Barbados halts £3m plan to purchase Tory MP’s former slavery plantation amid backlash

Exclusive: Following widespread backlash, Bajan prime minister Mia Mottley has announced that the acquisition will be paused in light of public anger with the move and a public consultation will take place

Nadine White
Race Correspondent
Wednesday 24 April 2024 12:12 BST
Charles Acknowledges ‘Atrocity Of Slavery’ As Barbados Becomes A Republic Original Video M204490

The Barbados government has halted plans to buy a £3m former plantation from a British Conservative MP whose family profited from slavery.

Richard Drax, the MP for South Dorset, owns a 617-acre land in Barbados that was once operated as a sugar plantation by his ancestors in the 17th century, where thousands of enslaved African people were forced to work.

The government had planned to pay market value for his land to provide housing for Barbadians, while simultaneously pursuing the politician for reparations over his family’s instrumental role in slavery.

However, following widespread backlash prime minister Mia Mottley has now announced that the acquisition will be paused in light of Barbadians’ anger with the move. A public consultation will take place.

Up to 30,000 slaves worked at Drax Hall plantation over 200 years (Nathan Fisher/Wiki Commons)

“I understand the concerns of many Barbadians, who may feel that they have been robbed of the opportunity of having an appropriate settlement for the reparations that ought to be made as a result of the blood, sweat and tears of Barbadians over centuries,” Ms Mottley said in a video statement released on Wednesday.

“I want to make it clear that this is not a matter that we take lightly.

“Given the conversation, I believe that it is appropriate for us to pause the acquisition to allow for greater conversation to take place, and also for us to be able to see where we are, in terms of being able to get some kind of reasonable settlement with Mr Drax, recognising that in our conversations – without prejudice to anything else – he is aware that the government of Barbados feels strongly about this and will pursue these matters.”

Ms Mottley has pledged to build 10,000 homes to meet demand across the nation which has seen 20,000 housing applications.

However, condemnation of the Barbados government’s plans to acquire Drax Hall, once described as “killing field” for African people, was swift.

Trevor Prescod, chair of the Barbados National Taskforce on Reparations and MP, said: “What a bad example this is. Reparations and Drax Hall are now top of the global agenda. How do we explain this to the world?

Richard Drax, MP for South Dorset, is a descendant of plantation owners that benefited from slavery (Getty)

“The government should not be entering into any [commercial] relationship with Richard Drax, especially as we are negotiating with him regarding reparations.”

Others, including Barbados poet laureate Esther Phillips, described the acquisition prospect as an “atrocity”, whereby descendants of enslaved African people are effectively compensating a descendant of enslavers.

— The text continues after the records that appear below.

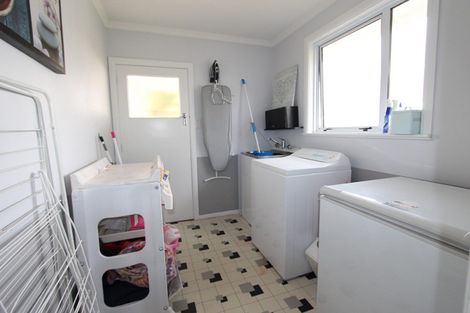 Photo of property in 47 Albert Street, Pahiatua, 4910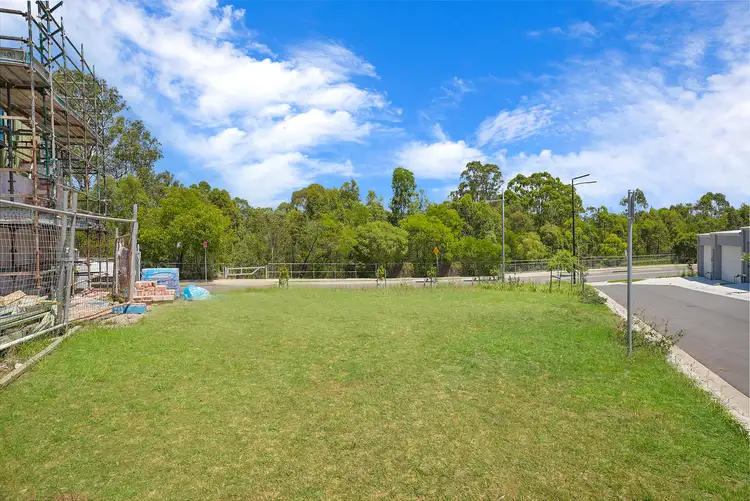 7 Edgewater Dr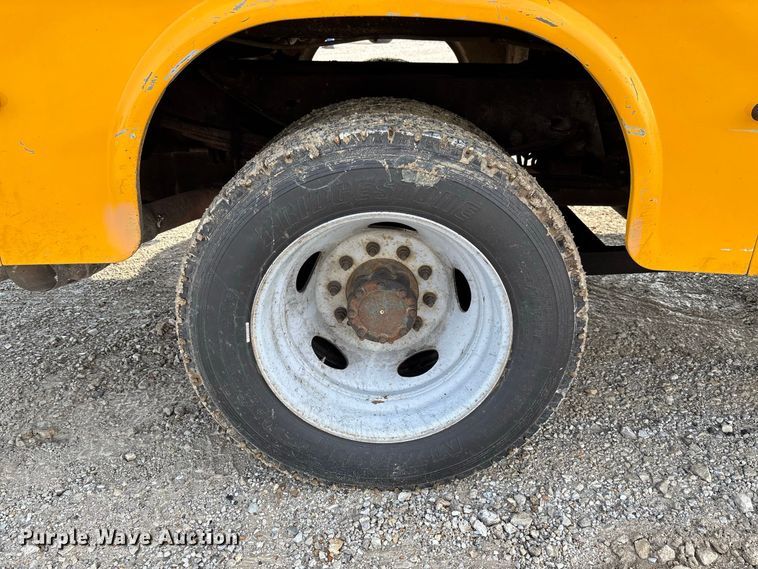 image for item DZ4539 2009 Ford F550 Super Duty bucket truck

“He should be giving us this land as reparations, not further enriching himself … at the expense of Barbadians. As Barbadians, we must speak out against this,” she said.

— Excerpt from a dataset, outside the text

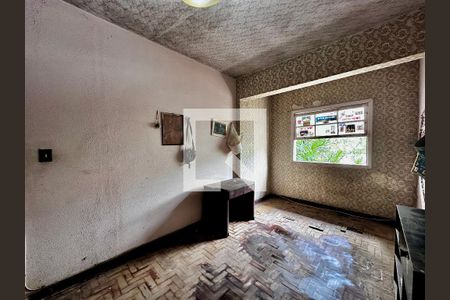 Casa à venda com 325m², 3 quartos e 1 vagaQuarto 1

“Barbados is a country that is governed by the rule of law,” Ms Mottley continued in her statement.

“We have never made it a habit, nor am I aware of any example, where we have expropriated people’s land. When people have land that is a subject of compulsory acquisition: by law, we are due to pay for it.

“At the same time, that does not preclude us from [aggressively pursuing], both through our advocacy and as we are seeking to do in recent times, through the preparation of our legal options with respect to being able to take action, not only against the owners of Drax plantation but also against all others who have contributed to the condition of this country being, regrettably, one of the worst examples of modern racism in the Americas.”

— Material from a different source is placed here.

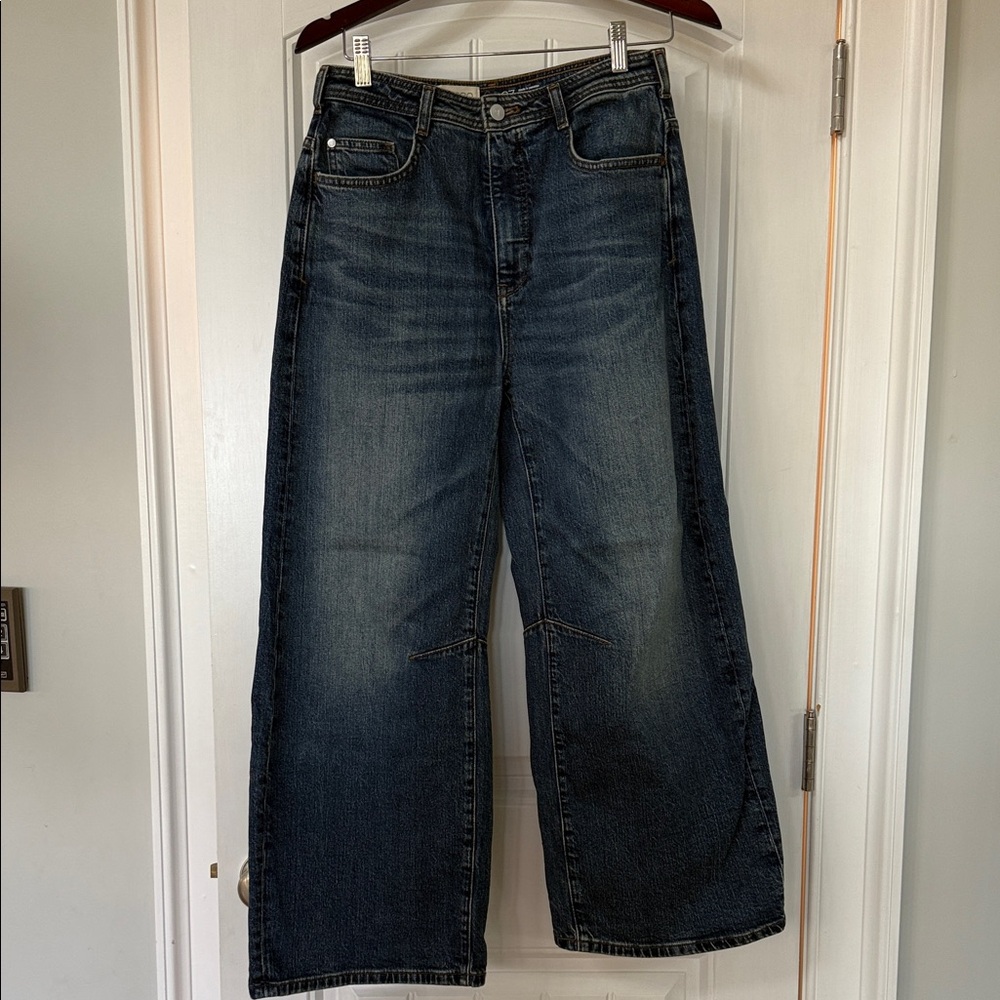 Pilcro Barrel Jeans size 27 EUC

An aerial image of the Drax plantation (Nathan Fisher/Wiki Commons)

A senior valuation surveyor said that the market value for land in this instance would be priced at around Bds$150,000 (£60,000) for each acre, according to a report in The Guardian. At this price, the property could cost around Bds$8m (£3.2m).

Ms Mottley also said she is “not happy” about the pace of ongoing discussions with Mr Drax regarding the issue of reparations which they’ve been urging him to pay since 2022.

Up to 30,000 enslaved African people lived and died on the Drax estate over 200 years between the plantation’s establishment in the 1620s and the abolition of slavery in 1833, according to historians, and the family generated extraordinary wealth from the barbaric practice.

The Caribbean nation was first taken over by the British in the 1620s, making it one of the earliest colonies.

From that point up until the abolition of slavery, it is estimated that over a quarter of a million African people (387,000) were trafficked there and forced to work.

Mottley at the 2021 handover event alongside guests including Rihanna and then Prince Charles, officially parting ways with the British monarchy’s reign over Barbados (Getty)

Following abolition, the British government paid 45,000 Britons who still owned enslaved African people huge sums of money in compensation including the Drax family, who received around £4,293 (over £500,000 in today’s money).

Mr Drax, 66, is reportedly worth £150m and the seventh member of his family to sit in the House of Commons.

In response to ongoing calls for him to pay reparations, though, the lawmaker has insisted despite his family’s past being “deeply, deeply regrettable”, no one can be held responsible “for what happened many hundreds of years ago”.

Meanwhile, he benefits from the wealth and privilege accrued from the blood and sweat spent by African people hundreds of years ago.

In 2021, Barbados removed the British monarch as head of state and became a republic.

Mr Drax has been approached for comment.